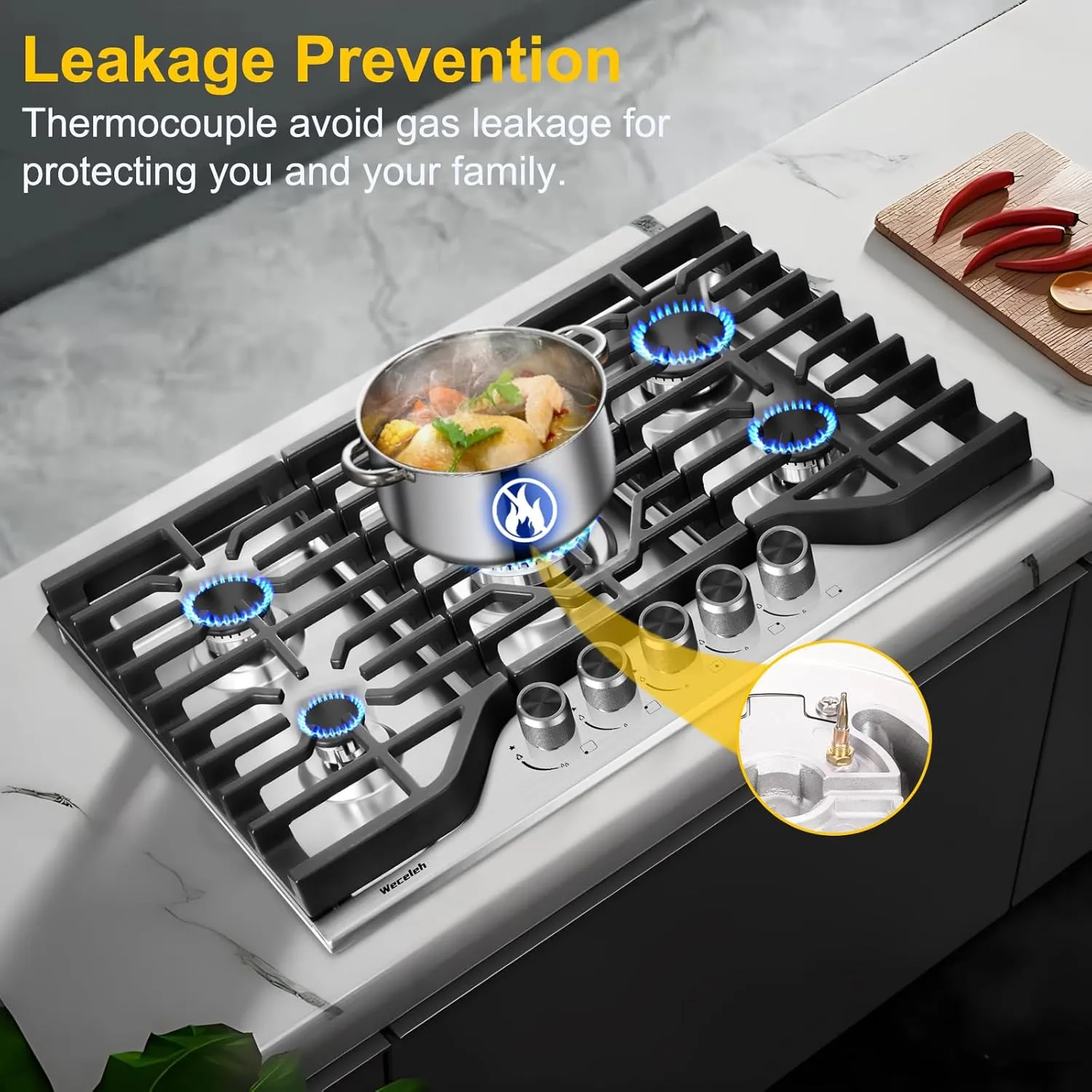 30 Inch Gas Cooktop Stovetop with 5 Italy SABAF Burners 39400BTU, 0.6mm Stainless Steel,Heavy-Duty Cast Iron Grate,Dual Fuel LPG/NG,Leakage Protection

□ □ □

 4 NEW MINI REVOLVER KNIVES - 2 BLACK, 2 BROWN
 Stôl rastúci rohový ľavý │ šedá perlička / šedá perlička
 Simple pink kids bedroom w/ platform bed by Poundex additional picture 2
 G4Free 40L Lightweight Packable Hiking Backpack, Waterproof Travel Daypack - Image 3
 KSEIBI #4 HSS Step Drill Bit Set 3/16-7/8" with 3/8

□ □ □

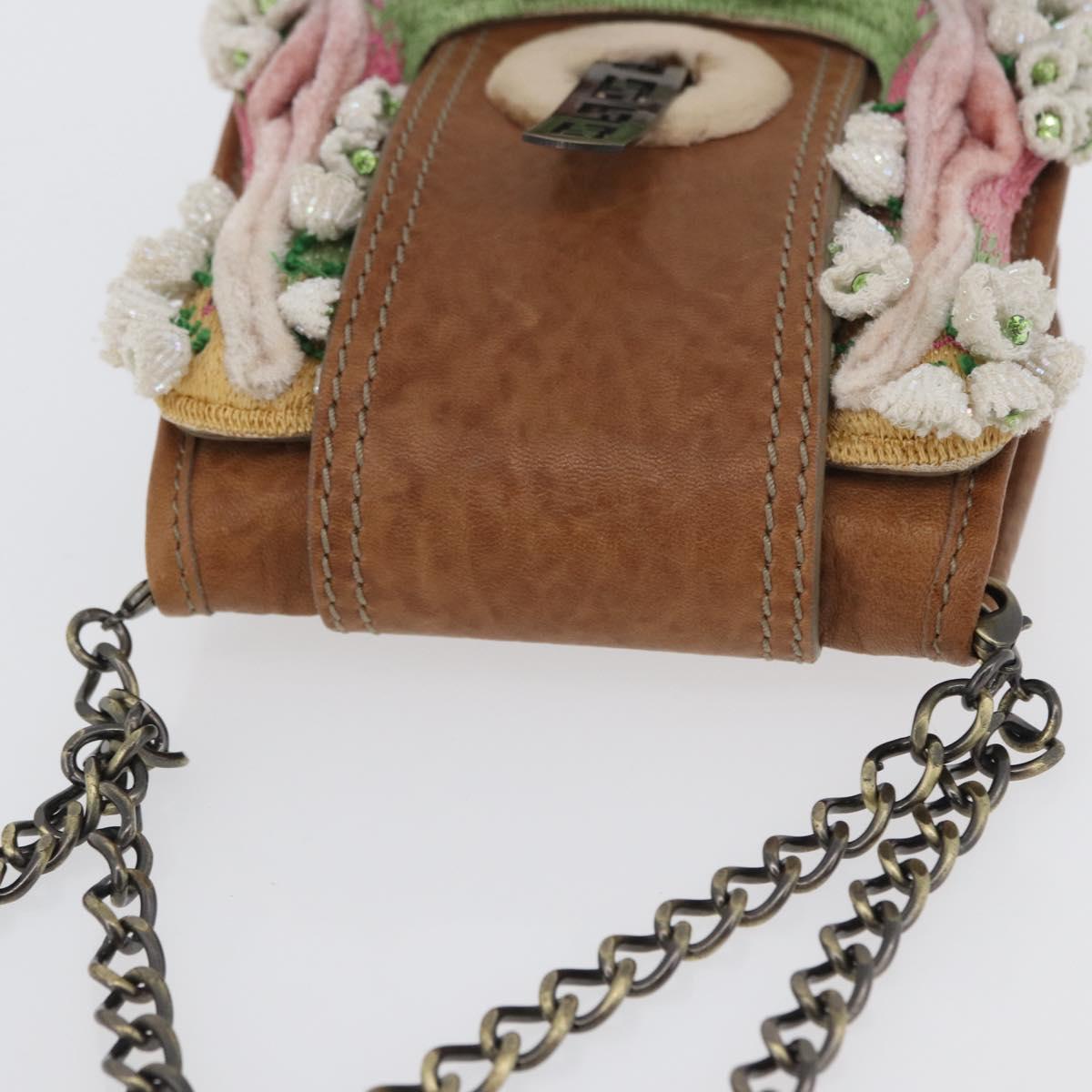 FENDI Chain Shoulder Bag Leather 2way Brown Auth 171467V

□ □ □

(Try it) In your answer, include only the lines above starting at the line that holds "4 NEW MINI REVOLVER" and ending at the line that holds "KSEIBI #4 HSS", copied exactly.

(Solution below)
 4 NEW MINI REVOLVER KNIVES - 2 BLACK, 2 BROWN
 Stôl rastúci rohový ľavý │ šedá perlička / šedá perlička
 Simple pink kids bedroom w/ platform bed by Poundex additional picture 2
 G4Free 40L Lightweight Packable Hiking Backpack, Waterproof Travel Daypack - Image 3
 KSEIBI #4 HSS Step Drill Bit Set 3/16-7/8" with 3/8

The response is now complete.